Skip the pictures. Transcribe exactly the lines from the line containing "Abstract Red Gemstone" to the end of the listing.

** Opening Records for processing block **

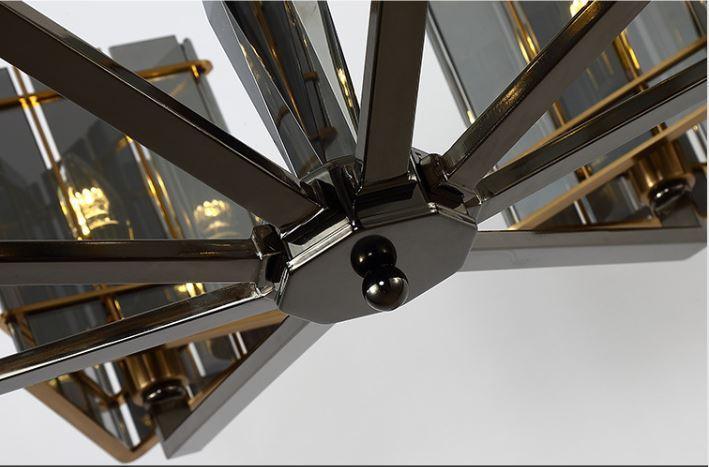 LED European Luxury Design Chandelier with Black Glass - DWHOME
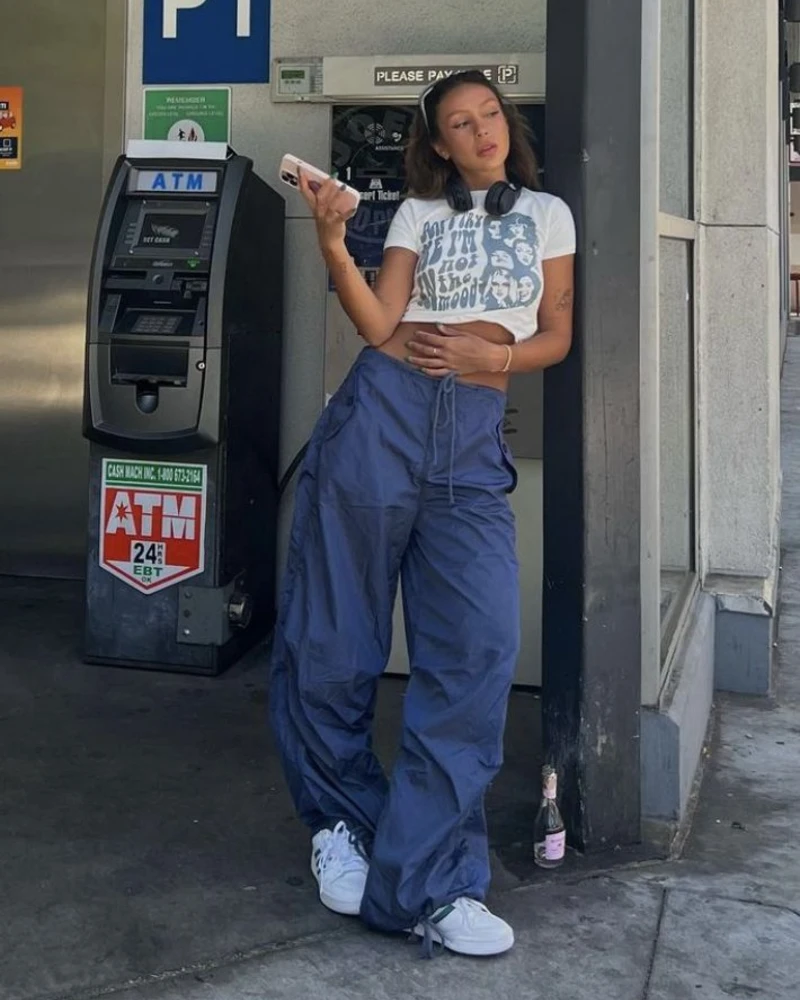 Baby Tee With Parachute Pants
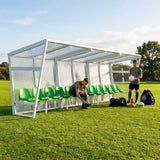 Heavy duty aluminium team shelter with moulded seats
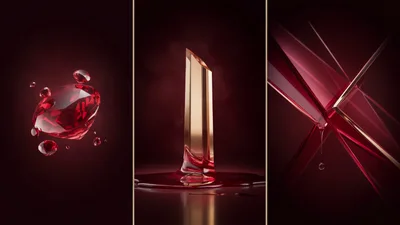 Abstract Red Gemstone And Liquid Glass Composition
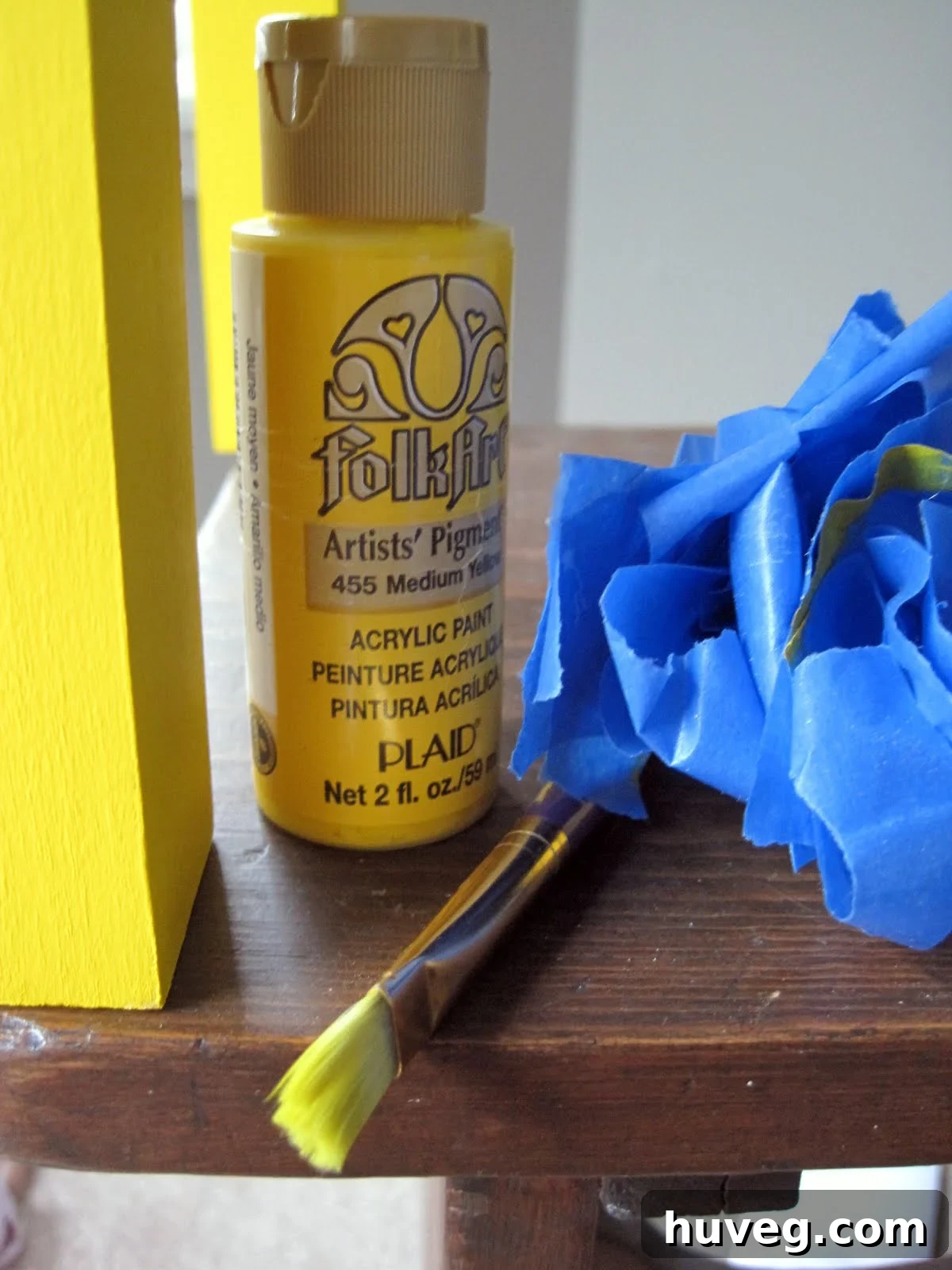 Painter's tape applied during a color change project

** Closing Records for processing block **

» Final answer:
 Abstract Red Gemstone And Liquid Glass Composition
 Painter's tape applied during a color change project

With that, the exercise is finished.